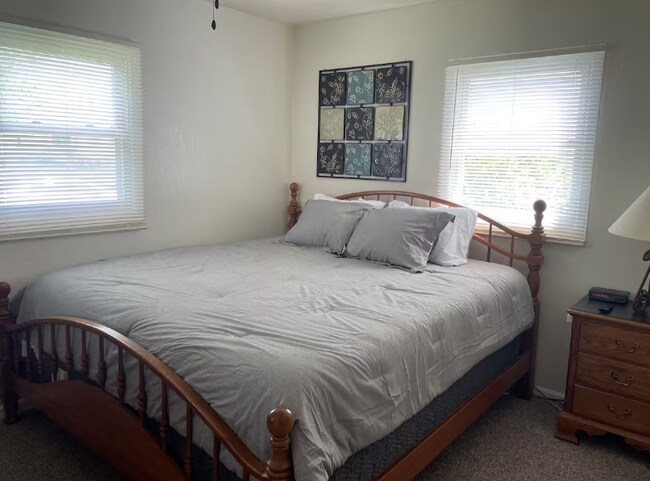Building Photo - Charming Milwaukee Home with Comfortable Living & Classic Appeal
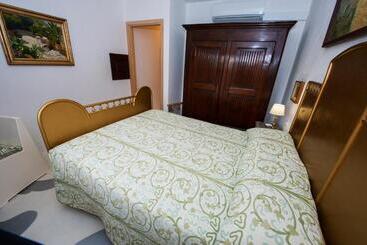 住宿加早餐  Castello Di Strambinello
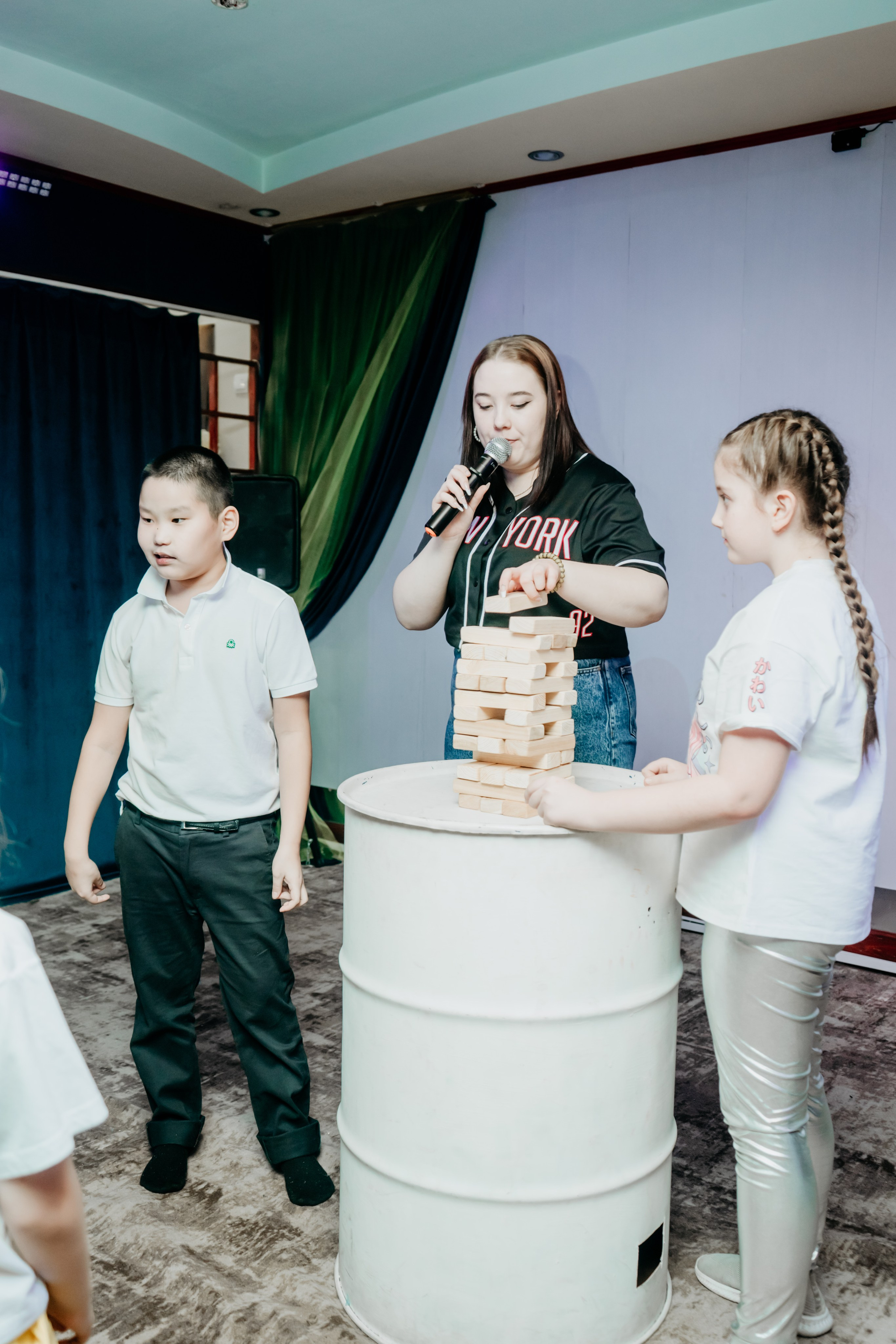 Детский фотограф в Улан-Удэ. сьемка утренников, школьных выпускных и детских праздников. Фотограф в Улан-Удэ. Свадебный фотограф в Улан-Удэ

How to complete this task - Leave the pictures out. Otherwise, output the listing above exactly.

Solution to this task -
Building Photo - Charming Milwaukee Home with Comfortable Living & Classic Appeal
 住宿加早餐  Castello Di Strambinello
 Детский фотограф в Улан-Удэ. сьемка утренников, школьных выпускных и детских праздников. Фотограф в Улан-Удэ. Свадебный фотограф в Улан-Удэ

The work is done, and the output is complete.